Why being green means thinking blue for Volkswagen
Waterless technology, rainwater harvesting, Platinum LEED certification and the largest solar PV array of any car manufacturer in the US, Rob Bell finds out what's driving VW's 'Think Blue.Factory' strategy at its Chattanooga facility stateside
The cars we drive are a major source of carbon dioxide emissions, with CO2 – and other pollutants – delivered via exhaust pipes directly to the streets of the towns and cities where we live.
As a result vehicle manufacturers face a great deal of scrutiny (and regulatory action) related to the environmental performance of their products. Volkswagen is one of a number of car makers that sees greening their automobiles as a commercial opportunity, and the firm aggressively markets its Golf BlueMotion’s fuel efficiency and low carbon emissions.
However, VW’s commitment to reducing its environmental impacts goes beyond the on-road performance of its vehicles. Its strategy, Think Blue.
Factory, focuses on energy, water and waste at its manufacturing sites, with a target of reducing environmental impacts at every Volkswagen plant by 25% by 2018.
Guenther Scherelis, communications general manager for VW’s operations at Chattanooga, Tennessee, says: “Our company rests on three pillars – team spirit, passion for detail and Think Blue. Factory, which is about being environmentally sound and very aware of the impacts of our operations.”
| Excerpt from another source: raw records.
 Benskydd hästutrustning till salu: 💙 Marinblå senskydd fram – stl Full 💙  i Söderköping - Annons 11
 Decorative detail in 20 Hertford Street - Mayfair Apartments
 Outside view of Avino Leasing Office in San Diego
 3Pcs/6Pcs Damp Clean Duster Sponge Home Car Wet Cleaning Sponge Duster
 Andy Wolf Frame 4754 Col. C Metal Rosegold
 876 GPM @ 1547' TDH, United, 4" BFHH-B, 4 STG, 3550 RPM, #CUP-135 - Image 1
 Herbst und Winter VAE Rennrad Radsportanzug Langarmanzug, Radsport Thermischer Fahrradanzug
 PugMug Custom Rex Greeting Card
VW’s factory at Chattanooga, which only opened in April 2011, has the company’s environmental principles built into every part of the building – insulation is of a higher standard than required by regulation for example – and every step of the manufacturing process. The latest initiative was the unveiling of a 9.5 megawatt photovoltaic generation farm, the largest operated by a vehicle manufacturer in the US but only the second largest (after its facility in the Navarra region of Spain) within VW Group itself.
Alongside this commitment to reducing emissions through renewable energy, a number of other technologies are being utilised to improve environmental performance, including rainwater harvesting and an innovative dry scrubber system installed in the factory’s paintshop.
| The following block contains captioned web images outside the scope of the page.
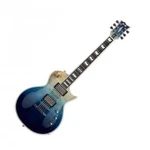 Esp E-ii Eclipse Blue Natural Fade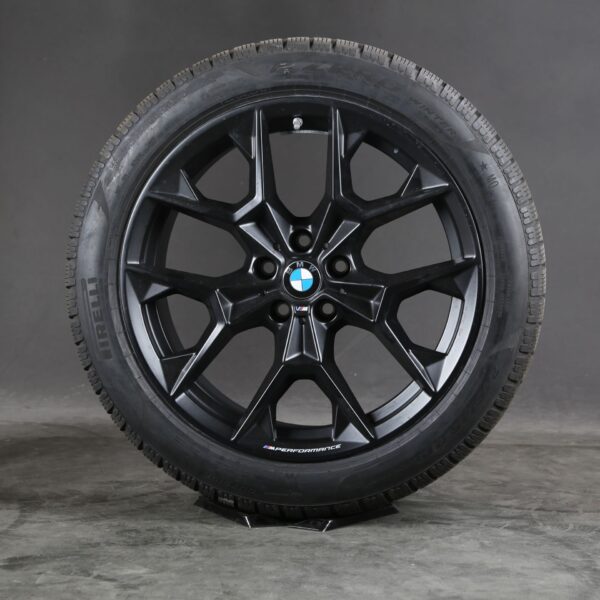 19 Zoll Winterräder original BMW 5er i5 G60 G61 M942 5A324F4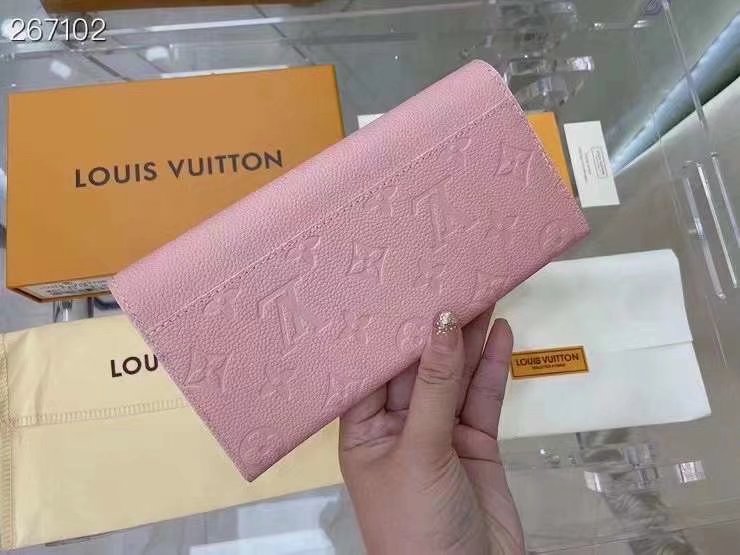 Louis Vuitton Sarah Wallet M61182- 6 colores-1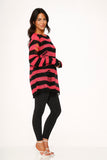 5721 Black Pink Sweater Sweater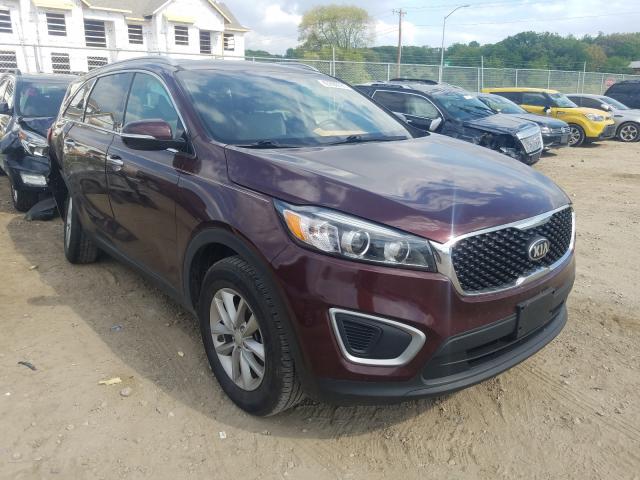 KIA SORENTO LX 2017 5xypg4a36hg242338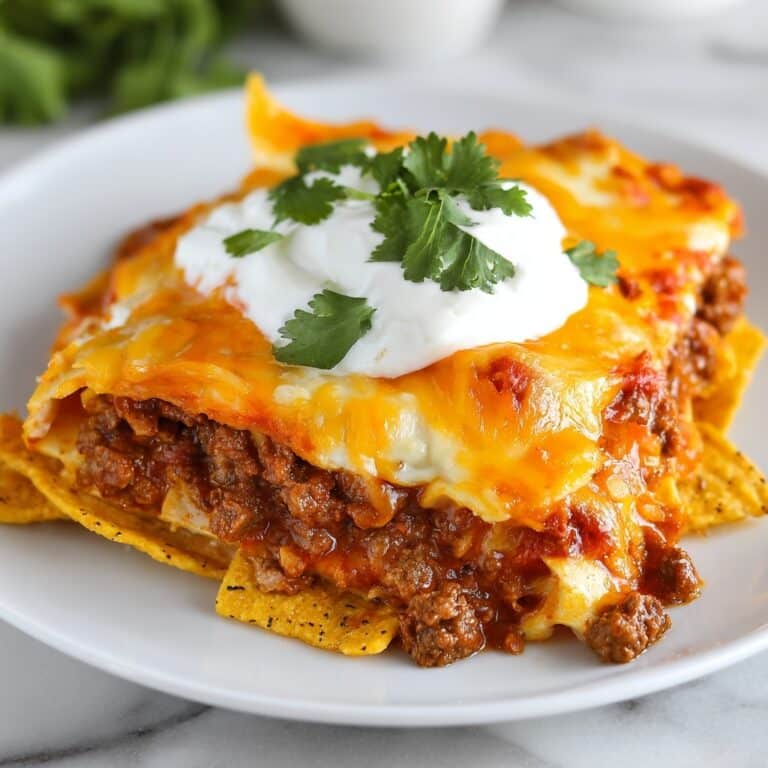 Tortilla Chip Enchiladas Recipe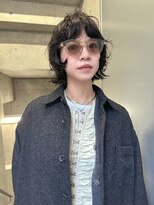 キャロルガーデンズ ボコカ 表参道(Carroll Gardens bococa)&nbsp;メガネ似合わせショートウルフ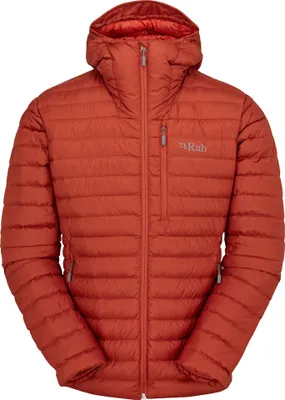 Image de Veste alpine Microlight Hommes pour M - rouge toscane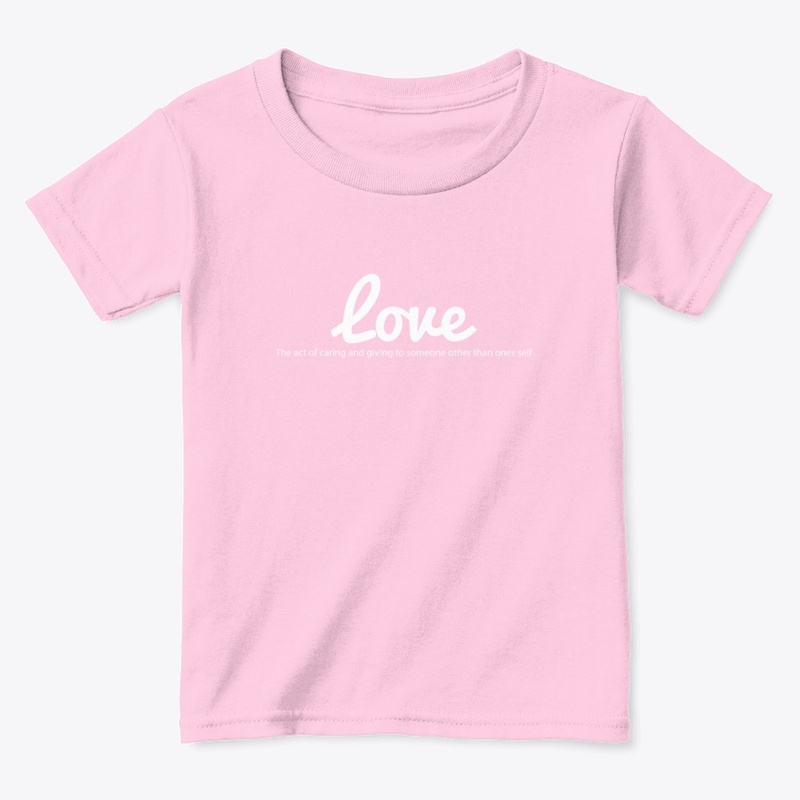 Inspirational novelty . Meaning of Love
These and other initiatives have earned the facility recognition from the US Green Building Council, which has awarded VW Chattanooga its top – platinum – ranking under the LEED (Leadership in Energy and Environmental Design) certification scheme, making it the only vehicle manufacturing plant in the world to have achieved the highest level.
Scherelis says optimum environmental performance was planned for the site from the outset, as part of Think Blue. Factory philosophy, which he describes as “a long term world- and brand-wide programme to make production more energy and environmentally efficient”.
A consulting firm engaged during the construction phase of the site’s development made VW aware of the LEED programme, and a decision was made to get involved. Scherelis says: “When we learnt about the certification scheme we realised what we were already doing to meet our normal guidelines was sufficient to earn us a silver or gold rating.
“By modifying our plans and incorporating further environmental elements to the site design we were able to gain platinum certification. For example, we have efficient insulation, LED lighting so the plant doesn’t cause light pollution at night, preferential parking for low emission vehicles, and have installed efficient motors on the engines we use in our production processes.”
Then there is the new solar facility, which produces sufficient green energy to provide 12.5% of the site’s needs during operations and 100% of electricity required at weekends when no cars are being built.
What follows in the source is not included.